Unfortunately ECC RAM seems to max out at DDR4 2400, so I'm already at
the end of that road.

> There's 2 MB of L3 cache shared between every two cores, but any core can
> access data in the L3 cache of any other core.  Latency for those requests
> depends on whether it's within the same CCX (4-core cluster), or in the
> other CCX? (going across the Infinity Fabric).

I missed the extra level of L3 segmentation when I first read this:
<http://www.overclock.net/t/1624566/theories-on-why-the-smt-hurts-the-performance-of-gaming-in-ryzen-and-some-recommendations-for-the-future>
My "slowish" remark was about the speed of Infinity Fabric vs.
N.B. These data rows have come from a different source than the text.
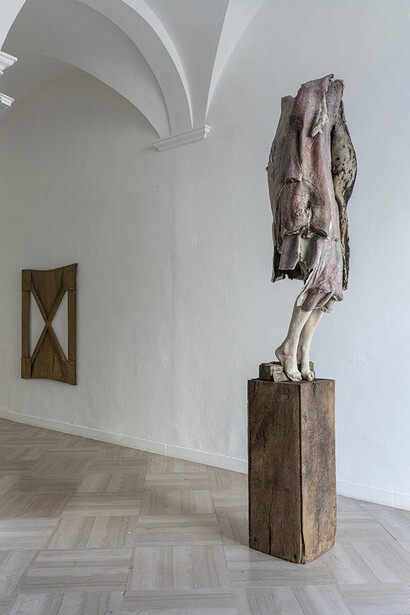 Evergreen I. Courtesy of Galleria Continua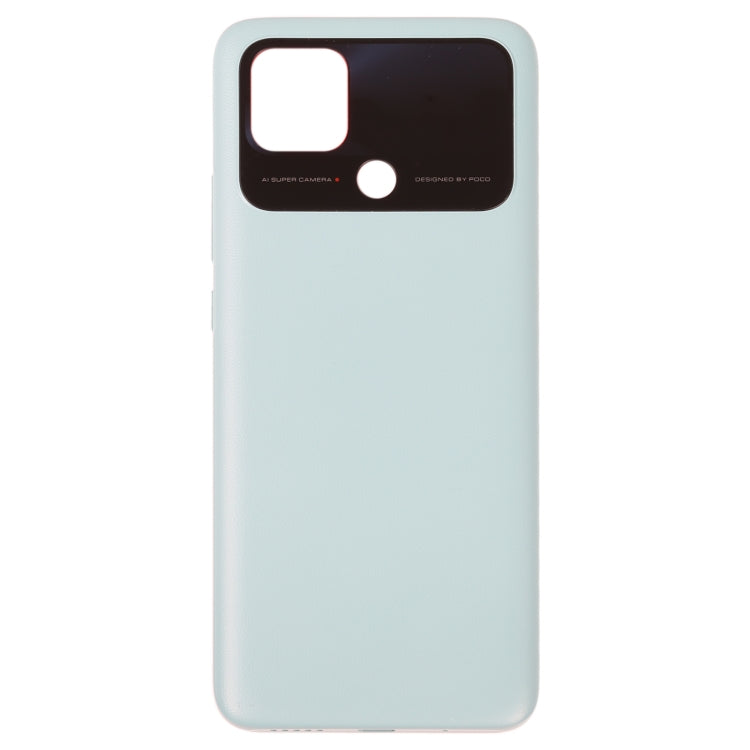 Original Battery Back Cover for Xiaomi Poco C40(Green)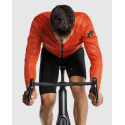 ASSOS EQUIPE RS Rain Jacket TARGA Propeller Orange  - Veste pluie Coupe vent 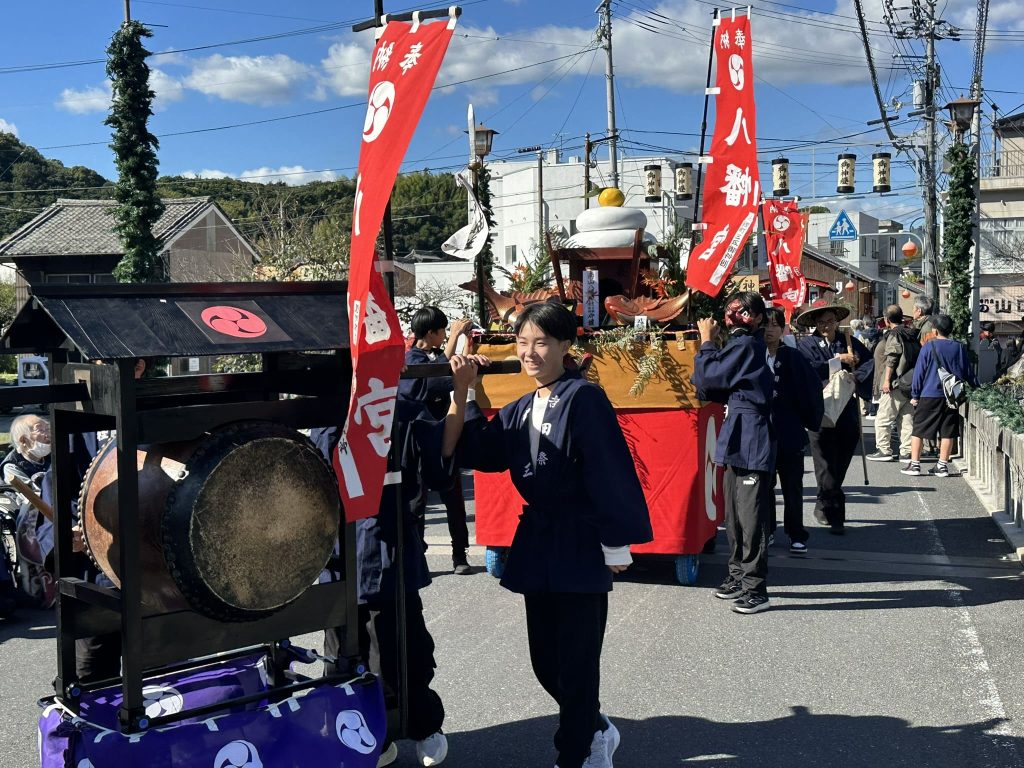 吉田町秋祭り おねり 11月3日(月曜)写真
QPI as
mentioned in this article.

> There's a lot of finicky timing issues with L3 cache accesses, and with
> thread migration (in-CCX vs across the fabric).
> 
> This is a whole other level of NUMA fun.  And it'll get even more fun when
> the server version ships where you have 4 CCXes in a single CPU, with
> multiple sockets on a motherboard, and Infinity Fabric joining everything
> together.  :)

Yeah, given that FreeBSD is pretty weak in terms of NUMA, I wasn't
getting all that excited by the upcoming server stuff.

> I feel sorry for the scheduler devs who get to figure all this out.  :D
>  Supposedly, the Linux folks have this mostly figured out in kernel 4.10,
> but I'll wait for the benchmarks to believe it.  There's a bunch up on
> Phoronix ... but, well, it's Phoronix.  :)

I saw it mentioned that the Linux change was to fix a Bulldozer
optimization that de-optimizes performance on Ryzen.

All in all, I'm pretty impressed with the performance improvement,
especially once I noticed the relatively small clock speed difference
between the 1700X (3394 MHz) vs. my FX-8320E (3211 MHz).  Both have a
95W TDP.

I'm not too thrilled with the 20C offset that AMD adds to Tctl on the
1700X and 1800X (but not the 1700).  It makes the CPU fan sound like a
vacuum cleaner even when the CPU is idle because the motherboard thinks
the CPU is running in the mid-50 degree range.